The subject of solarplate came up, and as I am participating in a collaborative printmaking project with faculty/students from several colleges with solarplate as a basis, I thought I would add a couple things to the discussion. The group will end up with a collaborative portfolio, some drawing directly on the plates, some combining photographic and drawing processes, some using the film stuff Z'Acryl (that and Imagon I know nothing about), some not doing solarplate at all.
I am testing several methods of negatives for this process. The first two dispense with the double exposure/aquatint screen, and are lower tech ways of teaching solarplate to those not digitally savvy.

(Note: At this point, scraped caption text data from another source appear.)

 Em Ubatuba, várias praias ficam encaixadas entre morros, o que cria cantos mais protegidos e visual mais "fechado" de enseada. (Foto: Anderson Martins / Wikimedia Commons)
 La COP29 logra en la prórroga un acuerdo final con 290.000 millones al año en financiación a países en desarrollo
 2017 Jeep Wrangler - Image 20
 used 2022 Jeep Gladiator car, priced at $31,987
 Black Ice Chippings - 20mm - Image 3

One is a simple bitmap--input 600/output 600, black ink only. That works very well for detailed imagery, as it incorporates a dot pattern into the image that ends up not being perceptible in the final image. However, the printer you use to make your negs really determines exposure time. For instance, the Epson 2400 blacks are not very dense, but the Epson 3000 and Epson 2200 are. And, if there are areas of large darks in the image, they will still open bite. Solarplate has two major problems, open bite, and mottledness.
Second, is the Henrik Boegh method of making your image a halftone--you first lower the tonal range of the image with a curve, by pulling down the top right of the diagonal curve line so that input is is 100 output is 80, then under your print with preview screen adding a halftone screen at 65 lpm/45 angle/diamond. This works surprisingly well, but of course you are clipping tones with the way of handling the curve. There, too, was open bite in larger areas of dark, so for a really dark image like, for instance, Flor Garduno (sp?) does, it might not be the best.

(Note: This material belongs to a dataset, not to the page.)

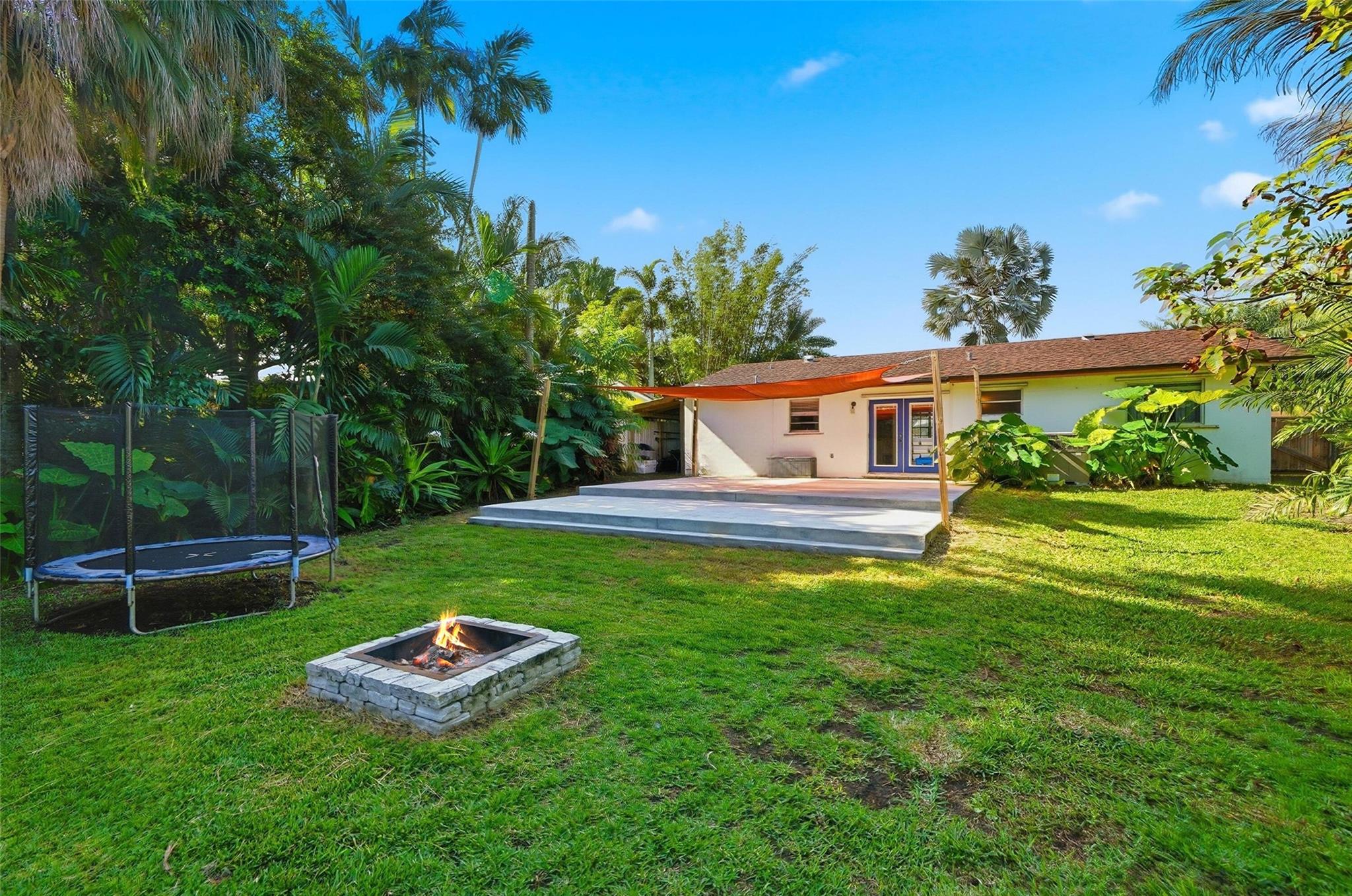 4730 SW 54th Ter Davie, FL 33314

Third, the most accurate and professional way of handling solarplates but one that requires more digital savviness: I am biting the bullet and using the aquatint screen exposure/negative exposure--doing the double exposure technique. I know there is a way to create a stochastic aquatint screen in computer if anyone can share it, but I bought the thing--not cheap. So now I am working at calibrating exposure times with the screen and then the negative, and then after I get that proportion figured out (solarplates under UVBL are about 10 minutes total exposure and the aquatint screen can be up to 1/3 or 1/2 that) I will then calibrate a custom curve using the Precision Digital Negatives system and colorized negs. On this one, no open bite.
I will highly recommend two books, the Heinrik Boegh Handbook of NonToxic Intaglio and Welden's Printmaking in the Sun. Both are must-haves. The Keith Howard books are also good, but I find myself referring to Boegh's the most. Second, buying the plates directly from Dan Welden is pretty darn cheap, aside from the fact he is so nice and helpful.
Hope this helps whoever it was many emails ago who asked questions on solarplate!